A method and apparatus for detecting silence in voice packets. A packet energy calculator calculates a smoothed energy value for each packet of voice data to be transmitted. A noise level detector adaptively calculates noise values during periods of said silence. A silent packet detector compares the energy value to the noise value and if it is less than the noise value and less than a predetermined silence ceiling value then silence is indicated. Also, if the energy value is less than a predetermined silence noise value then silence is also indicated.

Description

FIELD OF THE INVENTION
This invention relates in general to packetized voice communication systems, and more particularly to a method of detecting silence in a stream of voice packets that is robust to low-energy fricatives at the end of speech bursts. The method requires very little computation and can easily be implemented in hardware.

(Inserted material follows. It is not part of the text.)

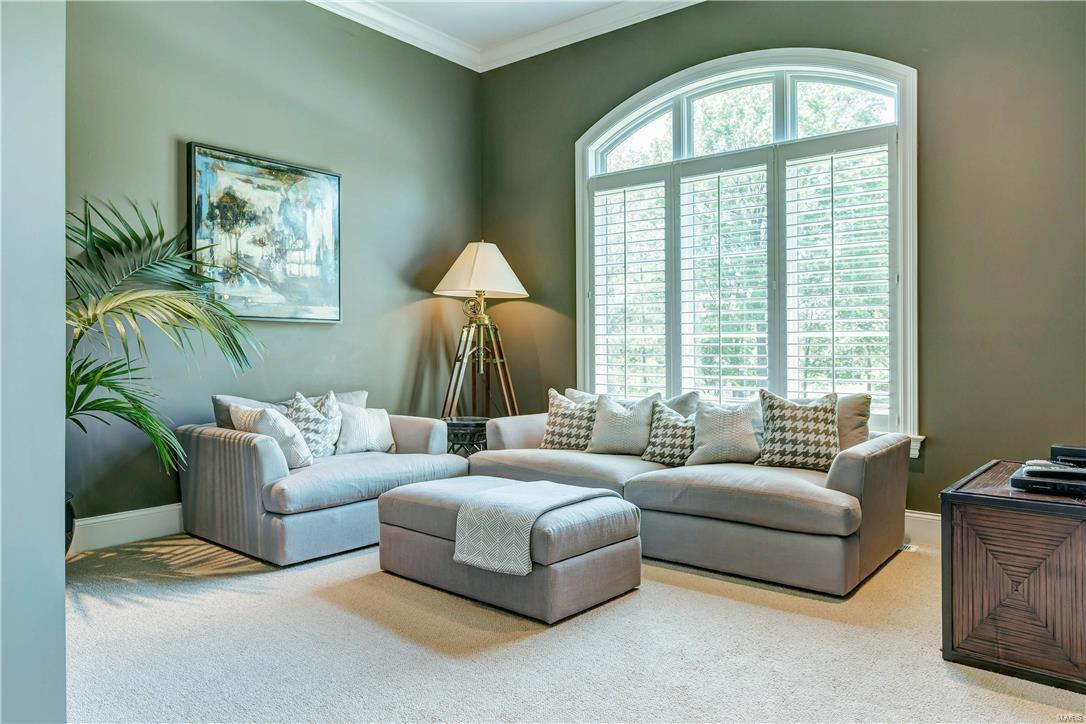 Lynnbrook - Residential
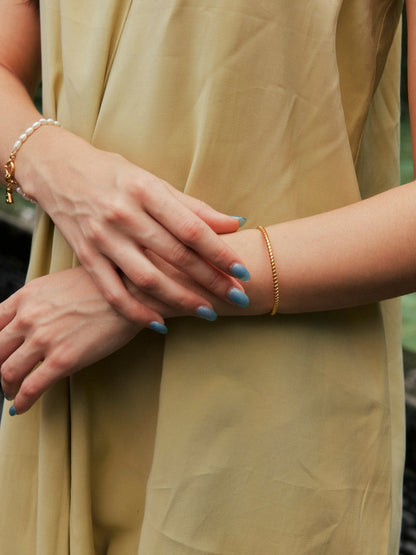 Tranquil Arc Armcuff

BACKGROUND OF THE INVENTION
A packetized voice transmission system comprises a transmitter and a receiver. The transmitter collects voice samples and groups them into packets for transmission across a network to the receiver. The transmitter performs no operations upon the data. The data itself is companded according to u-law or A-law, as defined in ITU-T specification G.711, and is transmitted continuously at a constant TDM data rate (Time Division Multiplexing).
In order to save network bandwidth, packets of samples are only transmitted if voice activity is detected in the packet (i.e. voice data is not transmitted if the packet contains silence). It is known in the art for transmitters to test each packet for silence, prior to transmission, and after a sequence of packets is detected as containing silence, inhibiting transmission of subsequent silence packets until the next “non-silent” packet is detected.
In the event of silence detection, it is known to generate comfort noise to the listening party, as set forth in commonly-assigned UK Patent Application No. 9927595.0 filed Nov. 22, 1999.
One example of a prior art system utilises complex digital signal processing (DSP) to detect voice, rather than silence, as set forth in U.S. Pat. No. 5,276,765 and pendix A of ITU-T specification G.728.1.
Another approach is based on determining the energy level of a signal and comparing it with a silence threshold energy level. This approach is less effective than the previously mentioned DSP approach but is considerably less expensive to implement in hardware. Examples of this latter approach are set forth in U.S. Pat. Nos. 4,028,496; 4,167,653; 4,277,645; 5,737,695 and 5,867,574.
SUMMARY OF THE INVENTION
According to the present invention, a system is provided for detecting silence in a voice packet by comparing the voice energy with an adaptive silence threshold which allows for varying levels of background noise in the transmitter. In response to detecting silence, the transmitter is halted in order to preserve channel bandwidth. Inhibition of the transmitter is delayed after detecting silence so as not to clip the beginning or ending of talk spurts and so as to pass fricatives.
BRIEF DESCRIPTION OF THE DRAWINGS
A detailed description of a preferred embodiment of the present invention is provided herein below with reference to the following drawings in which:
FIG. 1 is a block diagram showing a transmitter with silence detector according to the present invention;
FIG. 2 is a block diagram of a smoothed packet energy calculator forming part of the silence detector according to the preferred embodiment; and
FIG. 3 is a block diagram of the silence detector according to the preferred embodiment of the invention.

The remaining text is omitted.